English
For a,b ∈ Fin 3 → ℝ, the Lp-norm of the cross product matches the product of the norms times sin(angle).
Русский
Для векторов в ℝ^3 в форме Fin 3 → ℝ сходится норма crossProduct к произведению норм на синус угла.
LaTeX
$$‖toLp 2 (toFunLike.coe (crossProduct a) b)‖ = ‖toLp 2 a‖ ‖toLp 2 b‖ sin(angle (toLp 2 a) (toLp 2 b))$$
Lean4
/-- The L2 norm of the cross product of two real vectors (of type `EuclideanSpace ℝ (Fin 3)`)
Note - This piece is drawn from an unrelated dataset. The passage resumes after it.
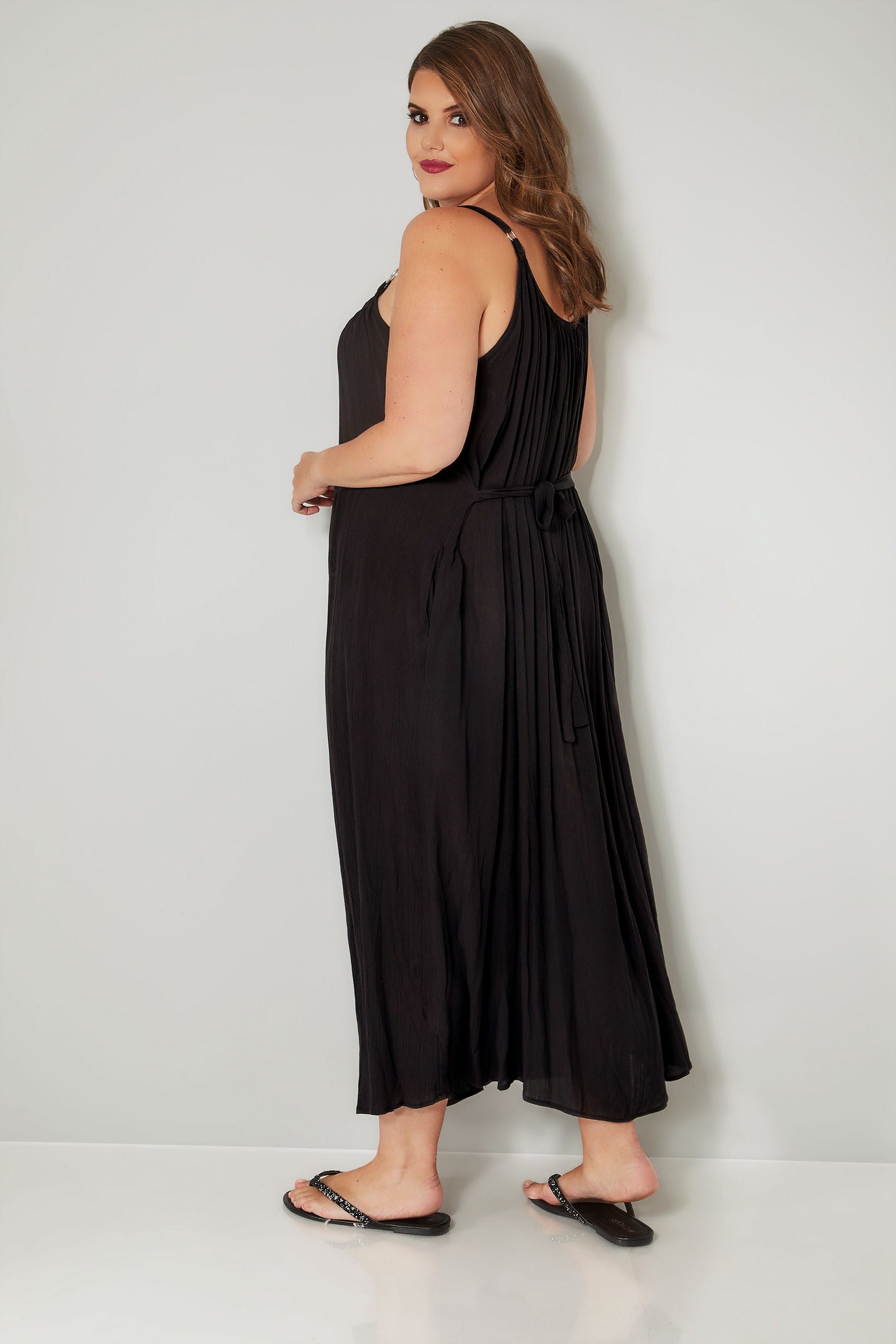 Black Maxi Dress With Ring Detail Straps & Tie Waist, Plus size 16 to 36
equals the product of their individual norms times the sine of the angle between them. -/
theorem norm_ofLp_crossProduct (a b : EuclideanSpace ℝ (Fin 3)) :
‖toLp 2 (ofLp a ⨯₃ ofLp b)‖ = ‖a‖ * ‖b‖ * sin (angle a b) :=
by
have := sin_angle_nonneg a b
refine sq_eq_sq₀ (by positivity) (by positivity) |>.mp ?_
trans ‖a‖ ^ 2 * ‖b‖ ^ 2 - ⟪a, b⟫ ^ 2
·
simp_rw [norm_sq_eq_re_inner (𝕜 := ℝ), EuclideanSpace.inner_eq_star_dotProduct, star_trivial, RCLike.re_to_real,
WithLp.ofLp_toLp, cross_dot_cross, dotProduct_comm (ofLp b) (ofLp a), sq]
·
linear_combination
(‖a‖ * ‖b‖) ^ 2 * (sin_sq_add_cos_sq (angle a b)).symm + congrArg (· ^ 2) (cos_angle_mul_norm_mul_norm a b)